I will be using the Pascal Visual Object Classes 2007 Dataset

https://www.kaggle.com/datasets/zaraks/pascal-voc-2007?select=VOCtrainval_06-Nov-2007

This model will be based off the guidelines outlined in this instructional video: 
https://www.youtube.com/watch?v=Qq1yfWDdj5Y&list=WL&index=1

## implement simple Faster-RCNN Model

In [2]:
#import the libraries
import torch
import torch as nn
import torchvision
import math

In [3]:
#choose the accelerator if available. On Mac so using mps.
device= torch.device('mps' if torch.backends.mps.is_available() else 'cpu')
print(device)

mps


In [5]:
#create Region Proposal Network class
class RegionProposalNetwork(nn.Module):
    #512 is input created by feature map output of the backbone we are using
    def __init__(self, in_channels= 512):
        super(RegionProposalNetwork, self).__init__()
        #specify scales and aspect ratio's for the anchor boxes
        self.scales= [128, 256, 512]
        self.aspect_ratios= [0.5, 1, 2]
        self.num_anchors= len(self.scales) * len(self.aspect_ratios)

        # 3 layers used
        #Layer1: 3x3 convolutional layer
        self.rpn_conv= nn.Conv2d(in_channels,
                                in_channels,
                                kernel_size= 3,
                                stride= 1,
                                padding=1)
        #Layer2: 1x1 classification layer
        self.cls_layer= nn.Conv2d(in_channels,
                                  self.num_anchors, 
                                  kernel_size= 1,
                                  stride= 1)
        #Layer#3: 1x1 regression layer
        self.bbox_reg_layer= nn.Conv2d(in_channels,
                                        self.num_anchors *4,
                                        kernel_size= 1,
                                        stride= 1)
        """
        relevant shapes
        image              [1x3x600x800]
        feat               [1x512x37x50]
        target['bboxes']   [1x6x4]
        target['labels']   [1x6]
        cls_scores         [1x9x37x50]
        box_transform_pred [1x36x37x50]
        stride_h/w         [16]
        base_anchors       [9x4]
        anchors            [16650x4]
        """

        def generate_anchors(self, image, feat):
            grid_h, grid_w= feat.shape[-2:]
            image_h, image_w= image.shape[-2:]
            
            stride_h= torch.tensor(image_h // grid_h,
                                  dtype= torch.int32, #mps can only handle 32 instead of cuda 64
                                  device= feat.device)
            
            stride_w= torch.tensor(image_w // grid_w,
                                  dtype= torch.int32,
                                  device= feat.device)
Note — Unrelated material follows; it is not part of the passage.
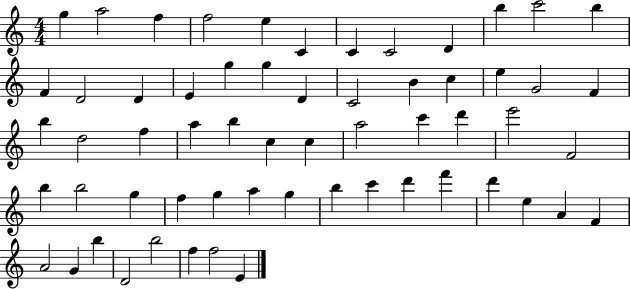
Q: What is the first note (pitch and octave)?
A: G5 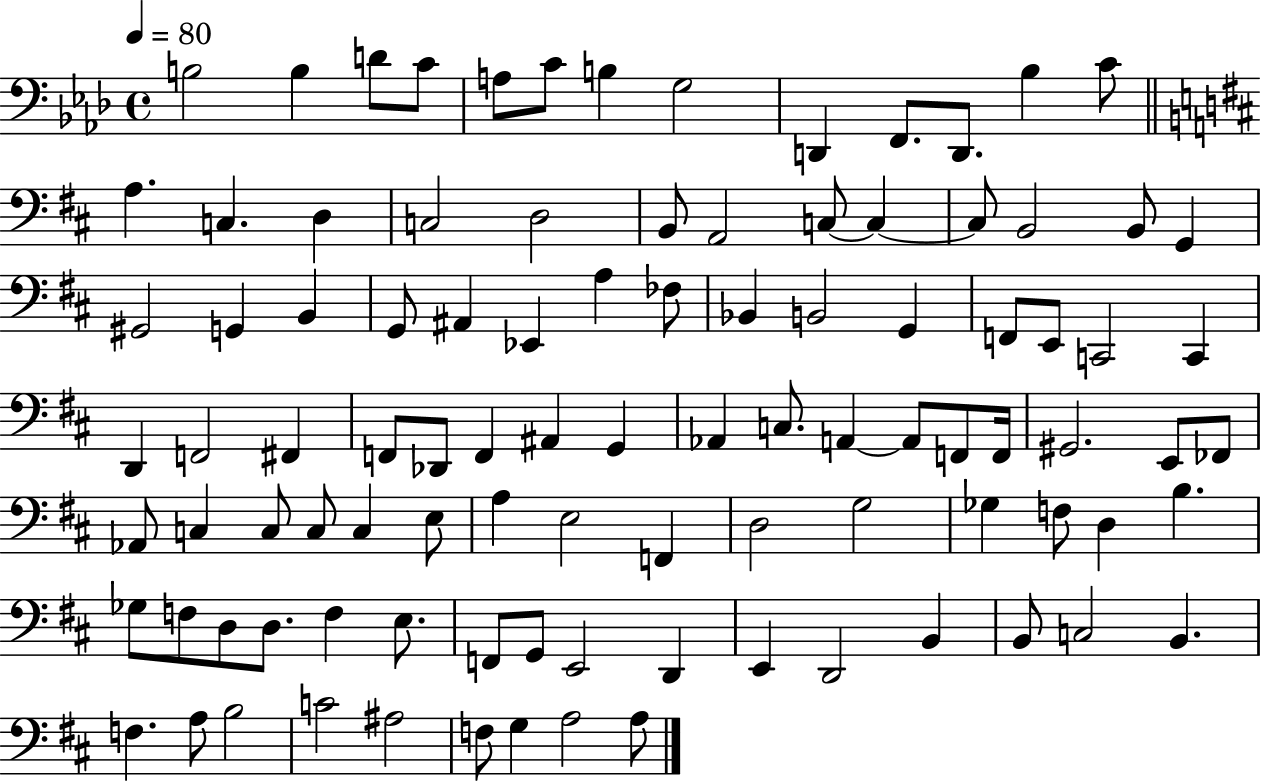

            scales= torch.as_tensor(self.scales,
                                    dtype= feat.dtype,
                                    device= feat.device)

            aspect_ratios= torch.as_tensor(self.aspect_ratios,
                                    dtype= feat.dtype,
                                    device= feat.device)

            #ensure h/w= aspect_ratios and h*w= 1
            h_ratios= torch.sqrt(aspect_ratios)
            w_ratios= 1/h_ratios

            ws= (w_ratios[:, None] * scales[None, :]).view(-1)
            hs= (h_ratios[:, None] * scales[None, :]).view(-1)

            base_anchors= torch.stack([-ws, -hs, ws, hs], dim=1) /2
            base_anchors= base_anchors.round()

            #convert all base anchors to grid of all anchors through
            #shifts in x axis (0,1,...,W_feat-1) * stride_w
            shifts_x= torch.arange(0, grid_w,
                                   dtype= torch.int32,
                                   device= feat.device) * stride_w

            #shifts in y axis (0,1,...,H_feat-1) * stride_h
            shifts_y= torch.arange(0, grid_h,
                                   dtype= torch.int32,
                                   device= feat.device) * stride_h

            shifts_y, shifts_x= torch.meshgrid(shifts_y, shifts_x,
                                               indexing= 'ij')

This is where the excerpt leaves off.